#### WHAT TO WORK ON
The whole listing needs retyping exactly; keep the pictures out of it.

#### COLLECTED DATA
══════════════════════════════

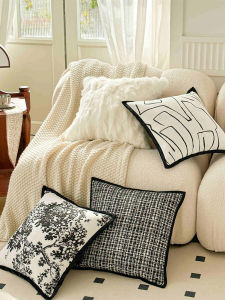 Elegant Black White Retro Sofa Pillowcase Home Decor Cushion Cover Luxury Minimalist Style Square Polyester Fiber Filling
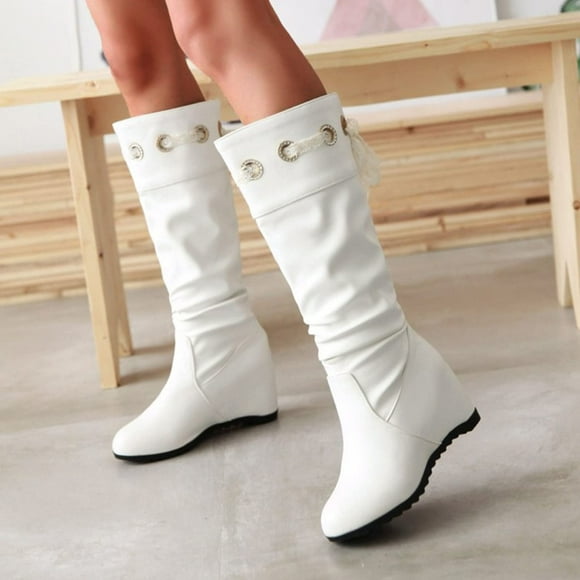 EGNMCR Knee High Boots Women Warm Solid Knee High Boots Round Toe Lace Bandage Booties High Heel Boots Shoes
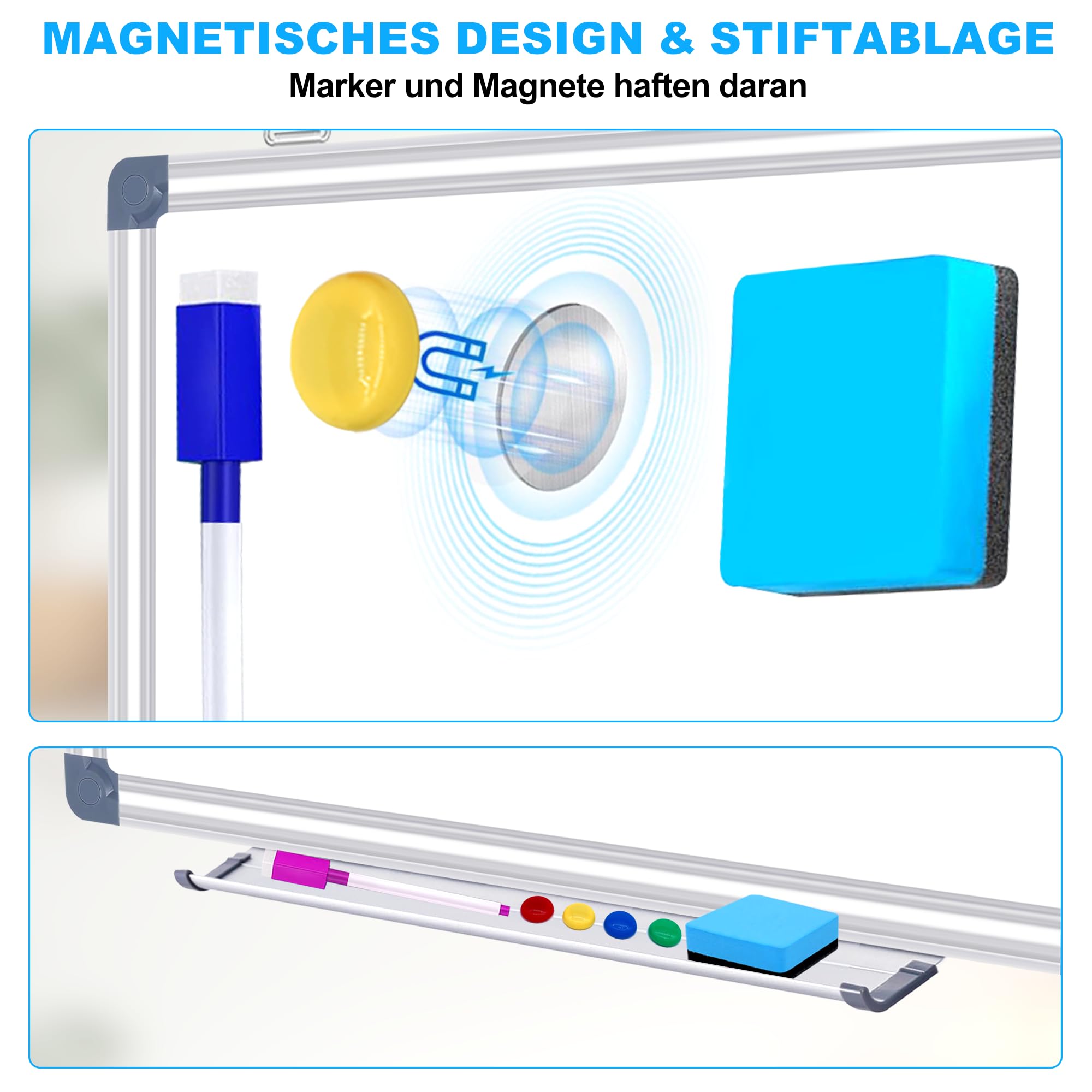 Monatsplaner Whiteboard Magnetisch, Doppelseitige Magnet Pinnwand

══════════════════════════════

#### YOUR RESPONSE
 Elegant Black White Retro Sofa Pillowcase Home Decor Cushion Cover Luxury Minimalist Style Square Polyester Fiber Filling
 EGNMCR Knee High Boots Women Warm Solid Knee High Boots Round Toe Lace Bandage Booties High Heel Boots Shoes
 Monatsplaner Whiteboard Magnetisch, Doppelseitige Magnet Pinnwand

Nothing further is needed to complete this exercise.